I first heard about the Ludwigsburg Venetian Festival three years ago when we moved to Stuttgart. A friend of mine went with her young son and husband, and said it was a great event that I should try. So, the following year (2013), a group of us decided to go together. We picked the same weekend, took the train to Ludwigsburg, and strolled to the Marktplatz on that drizzly Saturday.
However, we knew something wasn't quite right as we approached the main square. Where were the tents and the costumed revelers? Had we missed something? A quick check of our smartphones revealed that the Venetian Festival is a bi-yearly event, and somehow five sets of eyes had missed that fact, because not one of us had ever heard of a bi-weekly festival until that day.

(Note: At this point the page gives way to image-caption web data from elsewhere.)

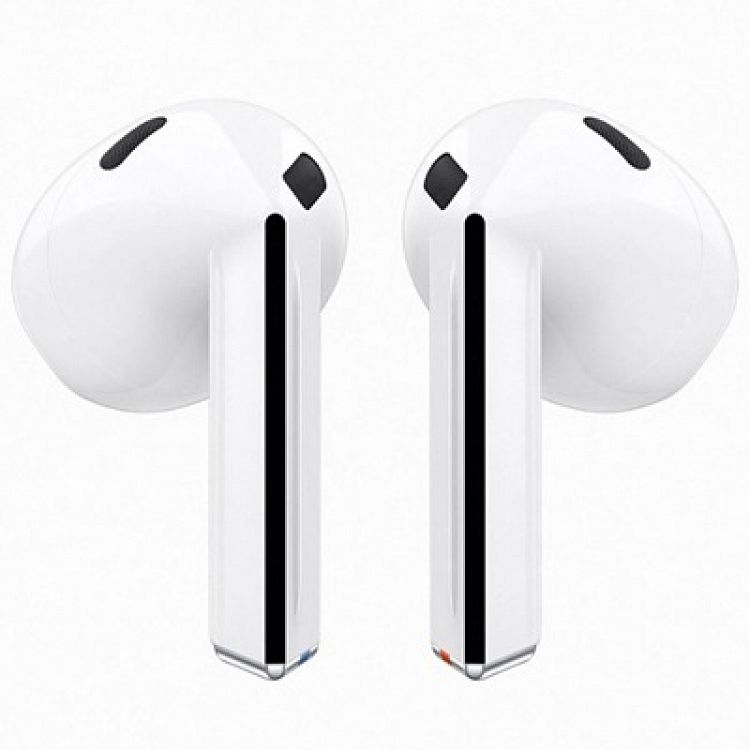 BLUETOOTH GALAXY BUDS 3 WHITE SAMSUNG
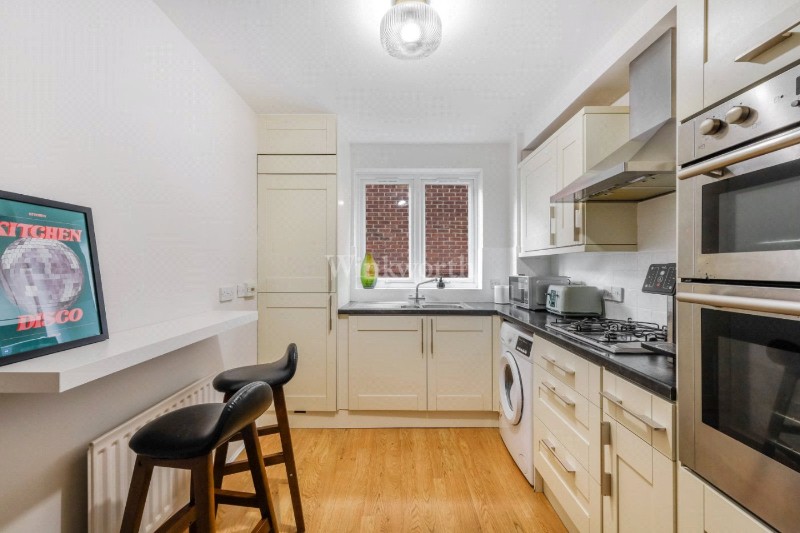 Albemarle Road, Beckenham, BR3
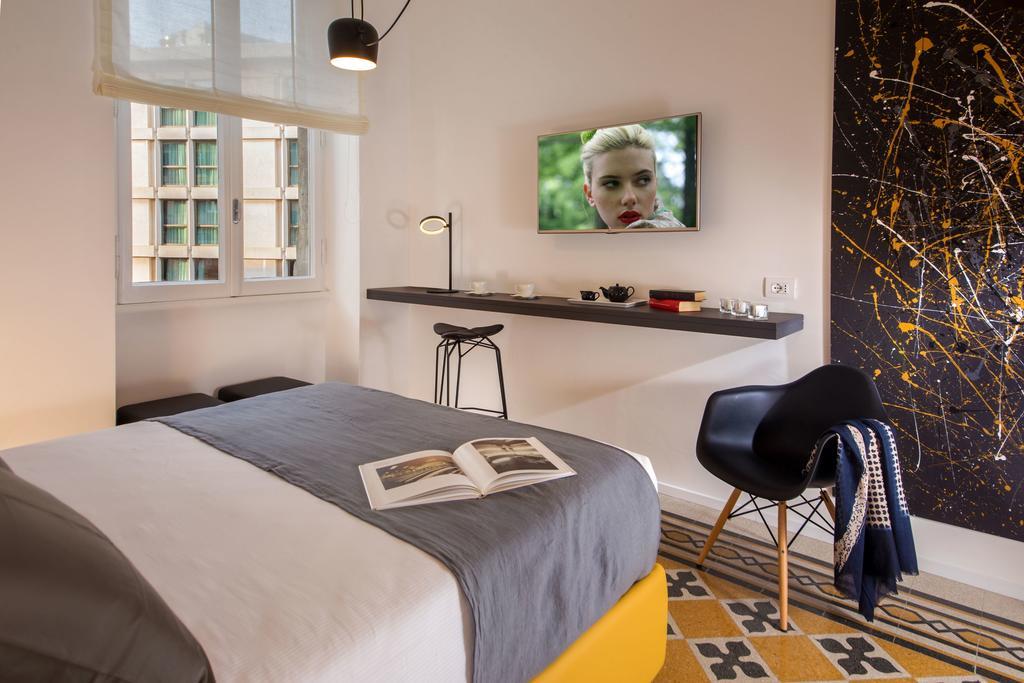 Belli36Rooms Near Spanish Step And Vatican City Rome Buitenkant foto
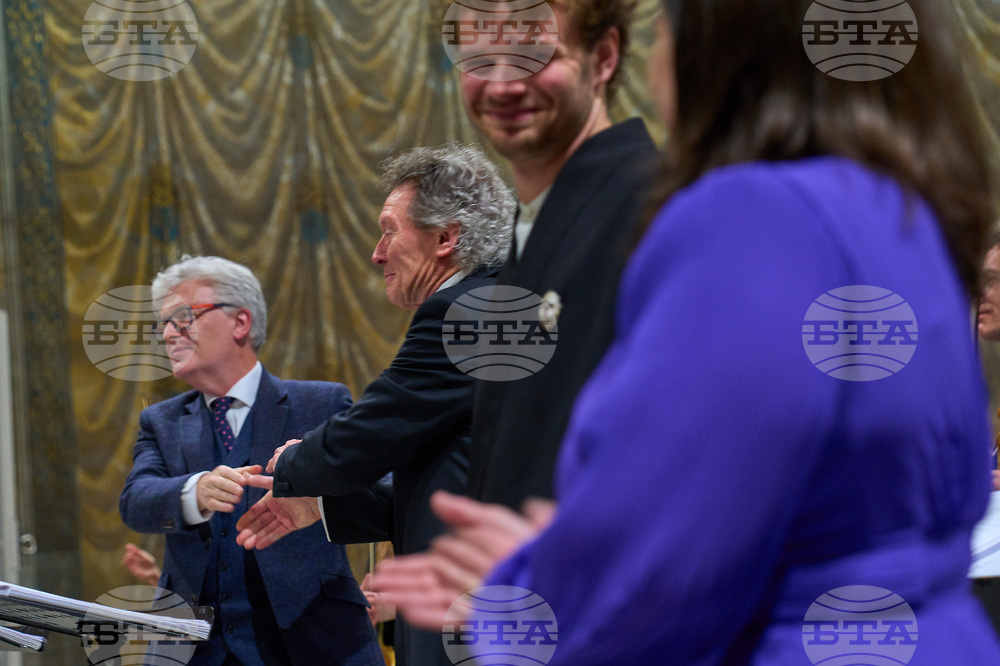 Vatican Sistine Chapel Concert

No matter. Our disappointment was soon replaced by good pizza, cheap wine, and new friends as we retreated into the underground dining room of an Italian restaurant along the square. Next year we would be sure not to miss the festival.
And so this past Sunday we once again planned our weekend, took the train to Ludwigsburg, and strolled to the Marktplatz. Only this time, we knew we were in the right place once we got off the train and began to see people strolling by dressed up in 18th century costume (think Marie Antoinette) with the most elaborate masks, fans, canes, and other accessories.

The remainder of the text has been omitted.